ENTRIES SUPPLIED Block Start

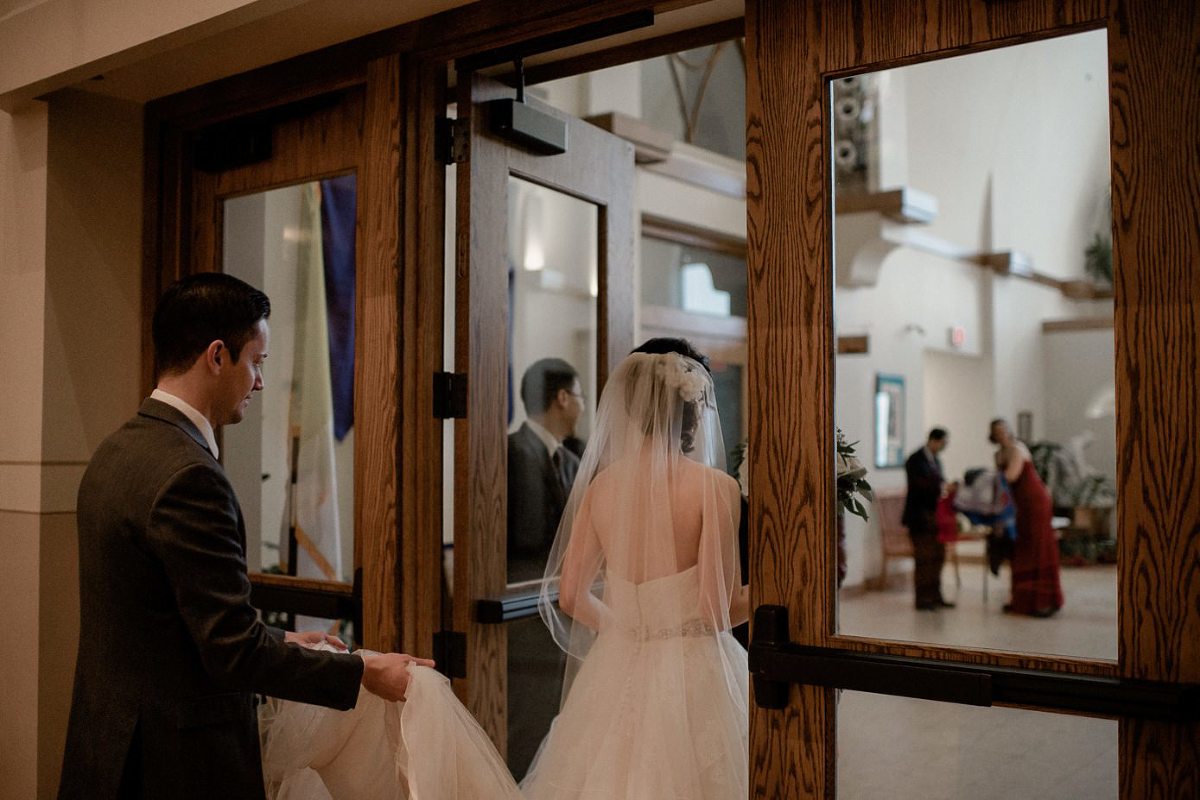 Brother helping sister with her dress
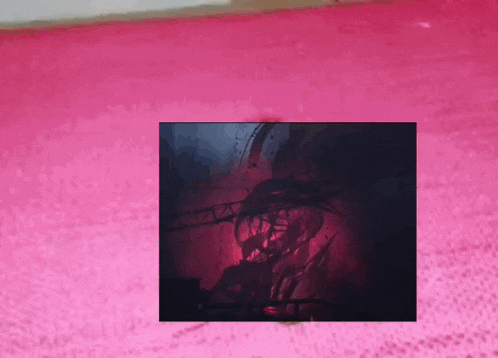 a pink carpet with a picture of a man in the background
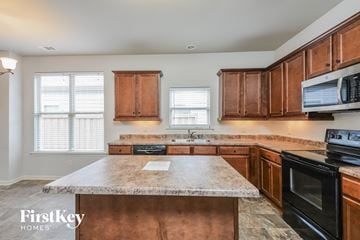 Odenville house for rent - a kitchen with wooden cabinets and granite counter tops and black appliances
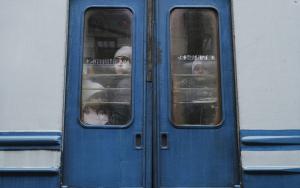 UKRAINE. Lviv. 26 February 2022. Children seen through the window of an evacuation train traveling towards the border with Poland as thousands of people try to escape the on-going conflict in Ukraine. 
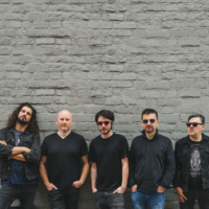 Photo of the band - five men standing by the wall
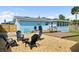 The backyard features outdoor seating, a grill, and a wooden deck great for gatherings at 111 Claire Ter, Daytona Beach, FL 32118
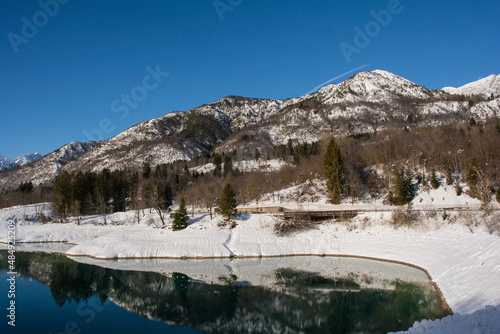 The snowy mid-December landscape at Lake Barcis in Pordenone province, Friuli-Venezia Giulia, north east Italy 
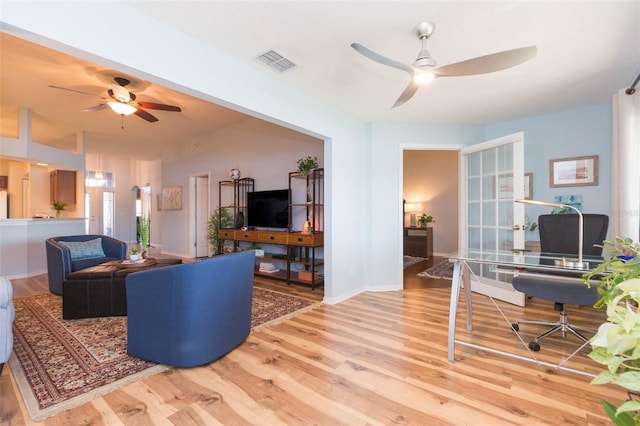 living room featuring ceiling fan and wood-type flooring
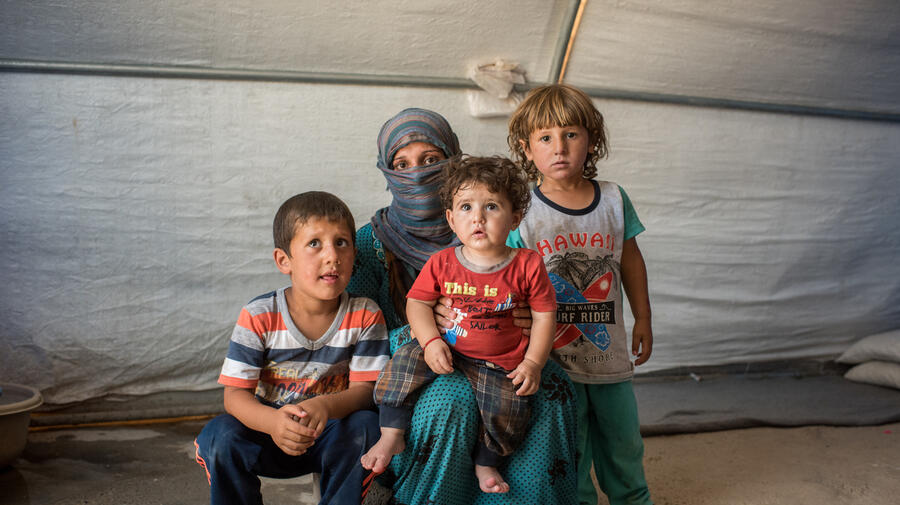 Iraq. People adjusting to life after losing their husbands and fathers.
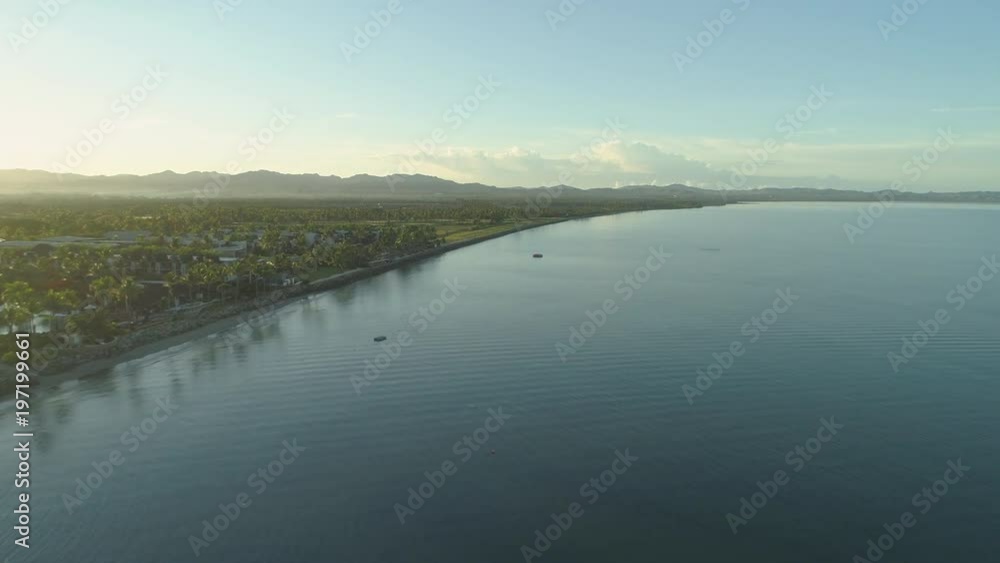 AERIAL: Tropical sunrise illuminates high end hotel complex and perfect green golf course with a stunning view of the calm sea. Fancy accommodation resort on tropical island is empty during off season AERIAL: Tropical sunrise illuminates high end hotel complex and perfect green golf course with a stunning view of the calm sea. Fancy accommodation resort on tropical island is empty during off season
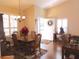 Bright dining room with wood floors, a chandelier, and plantation shutters at 5375 Compass Pt # 04, Oxford, FL 34484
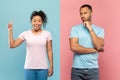 Brainstorming. Pensive black man thinking about question and touching chin, woman having idea, pink and blue background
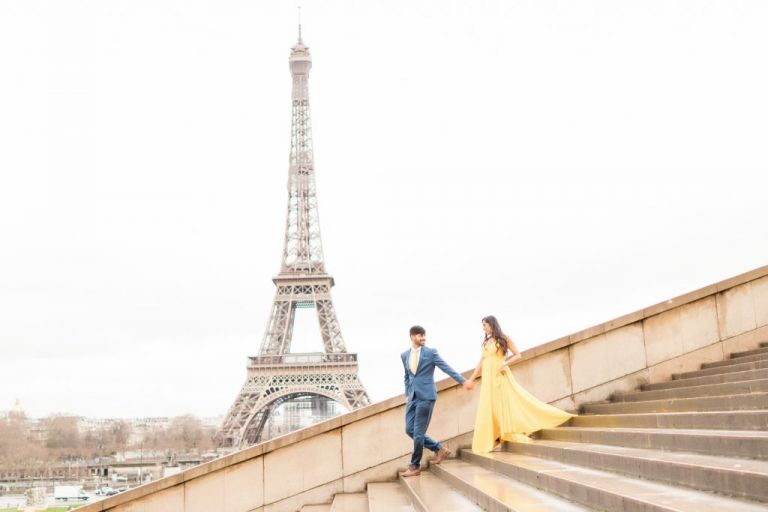 paris maternity photos at trocadero with yellow dress and blue suit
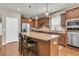 Kitchen island with dark wood cabinets, granite counters, and modern appliances at 602 Eastern Isle Ave, Summerville, SC 29486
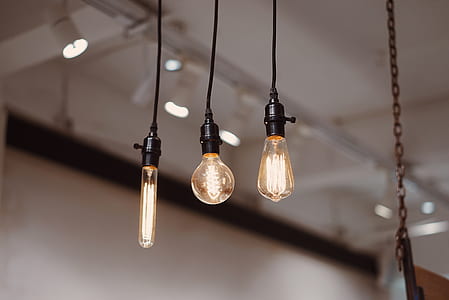 shallow focus photography of three pendant lamps thumbnail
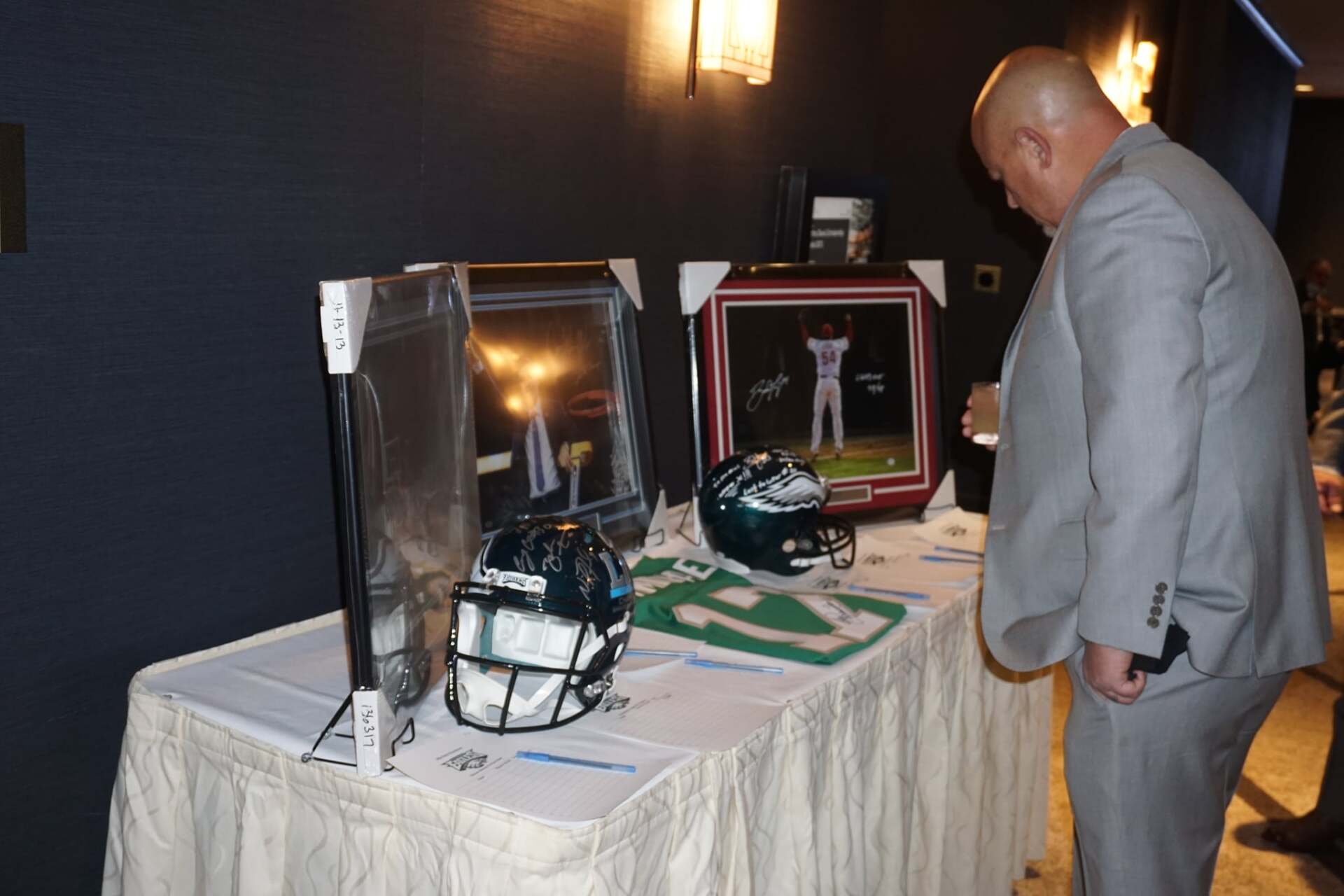 A man in a suit is looking at a table with a football helmet on it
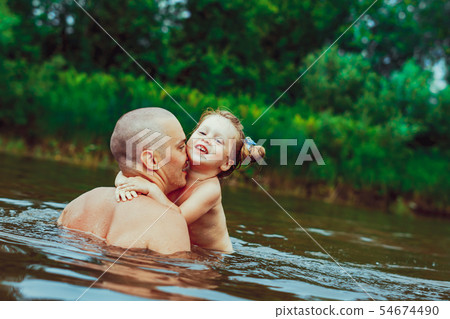 Dad and child bathe in the river 54674490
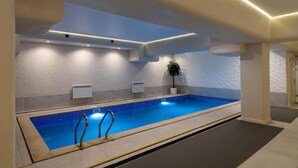 Una piscina con bordo piastrellato, una pianta in vaso e un termosifone bianco a parete.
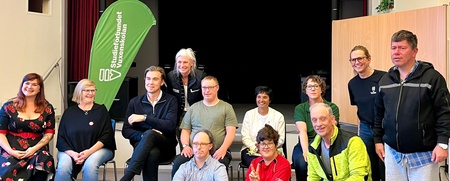 Gruppfoto av tretton personer i olika åldrar, sittande och stående inomhus framför en scen.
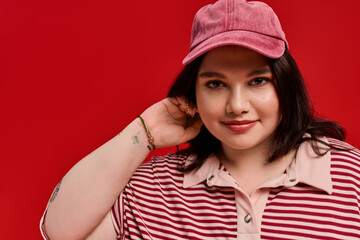 Naklejka premium Stylish plus size woman exuding confidence in vibrant red backdrop
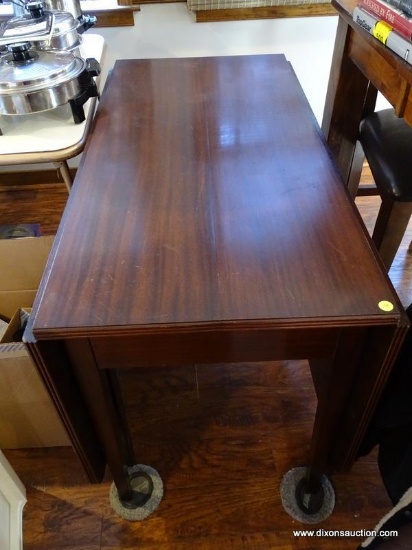 DROP LEAF MAHOGANY TABLE. 42 INCHES LONG, 21 WIDE, 29 TALL. ITEM IS SOLD AS IS WHERE IS WITH NO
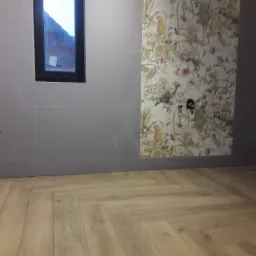 Ściana wyłożona szarymi płytkami z wąskim oknem, obok fragment ściany z tapetą w kwiaty i ptaki, na podłodze parkiet ułożony w jodełkę.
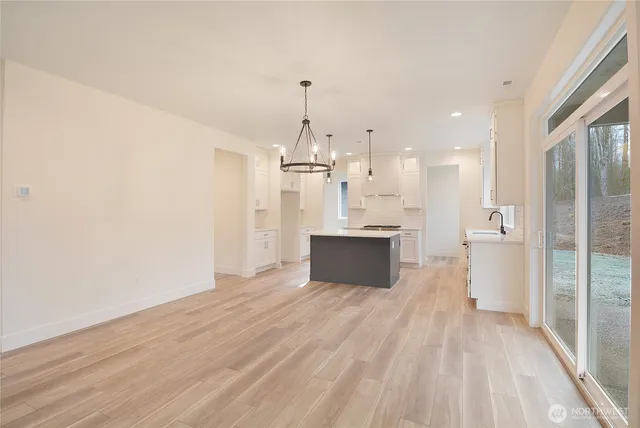 a view of a kitchen with kitchen island a sink wooden floor and a refrigerator
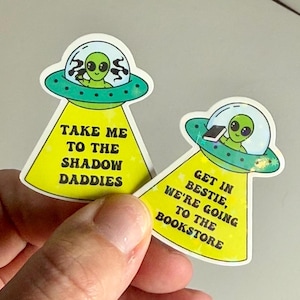 Könnte beinhalten: Zwei gelbe und grüne Aufkleber mit Alien-Motiv. Der erste Aufkleber zeigt einen Außerirdischen in einem fliegenden Untertasse mit dem Text "Take me to the shadow daddies". Der zweite Aufkleber zeigt einen Außerirdischen in einem fliegenden Untertasse mit einem Buch und dem Text "Get in bestie, we're going to the bookstore".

ENTRIES SUPPLIED Block End

* _TO DO_: Return the lines from the one that contains "DROP LEAF MAHOGANY" through the final line of the listing above, inclusive. Transcribe them exactly and drop the pictures.

* _WRITTEN ANSWER_:
 DROP LEAF MAHOGANY TABLE. 42 INCHES LONG, 21 WIDE, 29 TALL. ITEM IS SOLD AS IS WHERE IS WITH NO
 Ściana wyłożona szarymi płytkami z wąskim oknem, obok fragment ściany z tapetą w kwiaty i ptaki, na podłodze parkiet ułożony w jodełkę.
 a view of a kitchen with kitchen island a sink wooden floor and a refrigerator
 Könnte beinhalten: Zwei gelbe und grüne Aufkleber mit Alien-Motiv. Der erste Aufkleber zeigt einen Außerirdischen in einem fliegenden Untertasse mit dem Text "Take me to the shadow daddies". Der zweite Aufkleber zeigt einen Außerirdischen in einem fliegenden Untertasse mit einem Buch und dem Text "Get in bestie, we're going to the bookstore".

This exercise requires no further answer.